Leagrave Cottages at Chiltern Open Air Museum

Leagrave Cottages at Chiltern Open Air Museum

This building was at 57, Compton Avenue, Leagrave in Luton. It originally consisted of two thatched single room cottages under one roof, the central chimney serving the back-to-back fireplaces. A coin found in the building suggests that it was built in the 1770s. Around 1912 the cottages were modernised, an upper floor added, and cast-iron ranges fitted. Between 1928 and 1930 the building was converted into one large cottage. By 1979 it had fallen into disrepair and the last occupant was evicted in 1982 since the Borough of Luton considered it unsuitable for human habitation. It was dismantled in 1983 to 1984.The sparse furnishing of one cottage reflects the way the cottage would have looked in the late 18th century. The other cottage is dressed for the 1940s. In 1988 Jim Turner was interviewed and said that he was the last person to live in the cottage before it was demolished. He recalled that friends would not sleep in the bedrooms of the house because they said that there was a ghost of an old man wearing a cap the wrong way round who would walk from the kitchen up the stairs. Jim Turner, however, never saw it. Another former resident, William Dickman, who lived there as a boy of nine in the early 1900s recalls that there was a well in the garden where they got their water. We do not have a well, but there is an apple tree in the garden which nicely fits in with the fact that the area of the cottage was known as Apple Tree Yard. The story goes that Joseph Thomas who we know was living there in 1881 planted an apple pip that grew into a large apple tree.

One of the common activities of the women and children in the Buckinghamshire, Bedfordshire, Hertfordshire and north Essex was straw plaiting and in the first cottage can be seen some of their tools. On the wall in Leagrave is a replica post 1800 splint mill which was used to soften straw splints, the split straws used for finer plaits. Pre 1800 the mill was known as a plait mill and was used to flatten the scores of plait before they went to market. A score was a 20 yard length.

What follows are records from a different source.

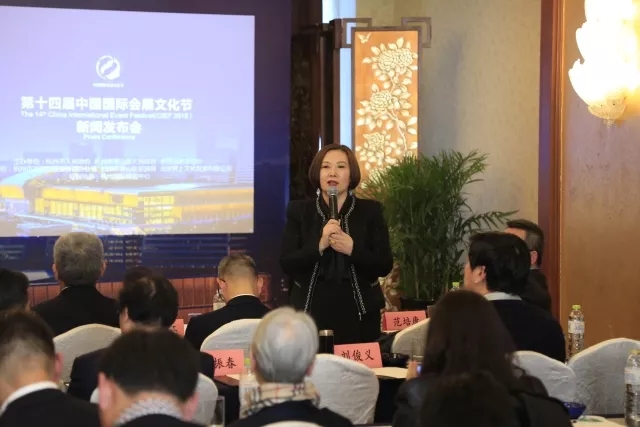 第十四届中国国际会展文化节新闻发布会在青岛举行
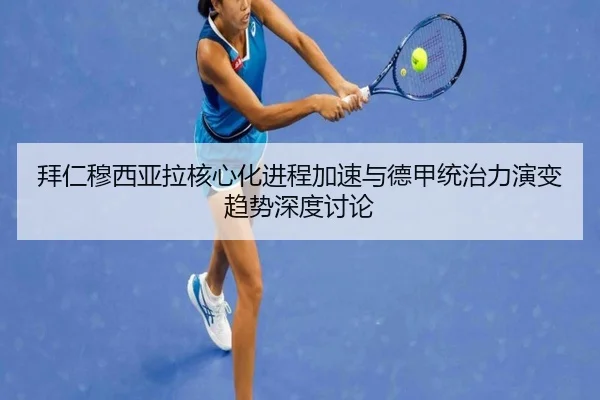 拜仁穆西亚拉核心化进程加速与德甲统治力演变趋势深度讨论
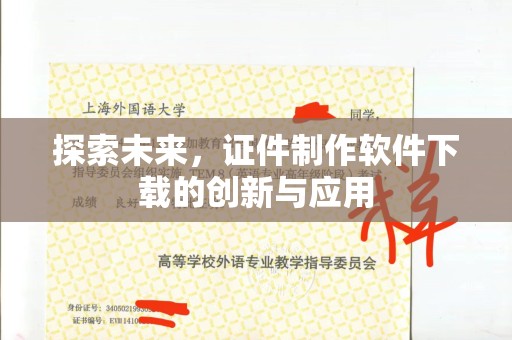 苏州探索未来，证件制作软件下载的创新与应用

Below here follows an article by Vanessa Worship and the Woodlanders Lives and Landscapes project, part of Chalk Cherries and Chairs Landscape Partnership in the central Chilterns and which I am including with their kind permission. It concerns the life of Nellie Keen, a straw plaiter in the Chilterns.

Nellie Keen was aged 79 when she was interviewed by Stanley Ellis of Leeds University, for the Survey of English Dialects. The recording detailed below offers a fascinating insight into the life of a straw plaiter in Buckland parish in the late 1800s.

“The men had to go round the country to straw ricks and draw all the better straws out the ricks and make ‘em into great big bundles…they used to bring ‘em round to the people…

“Oh, lots of different kinds of plaiting. I always done what they call the pearl plait but there was brilliant plait…beautiful plait that was, and railroad…they used to dye the straws for that you see, a mixture, but I always done the pearl…

[Author’s note: The straw was first split into splints, using a straw splitter. Then the splints were softened using a splint mill – see below]

“And then when you’d done this plait, you used to clip it and mill it… [the mill] was a little thing that’s hooked up on the wall, you could unscrew it and screw it, and with a handle at the side like a little tiny mangle I should call it…

[When the length of plait was finished it was clipped to remove the joined ends, then milled to make it look more even and appealing to the buyers.]

“And then after that you had to do it up round your arm the old-fashioned folk used to do it, in lengths of ten yards you see and then put them together and two ten yards [was] a score of course, and then tie it up with string like this ’ere as you go along – oh dear now I’ve dropped it – and then tie it all up and take it to Tring market to sell it…

Wooden splint mill from the 1800s

Wooden splint mill from the 1800s Photograph courtesy of Veronica Main

“…ooh everybody had to do it years ago to turn a shilling or two. The women and children, everybody…

“They used to have what they called a plaiting school in the children’s holidays…a woman used to have all the children sit round and they used to sit plaiting straws… [parents] paid about three ha’pence a week for the woman having you there…

“You had to bring it back home and your mother’d take it to market and sell it…only four or five pence a score, that wasn’t much was it? And then you’d got to walk to Tring to take it. There used to be an old market house at Tring years ago, they’ve pulled it down now, and they used to go under there and the plait buyers used to come round…

“Yes, all the village people used to plait years ago.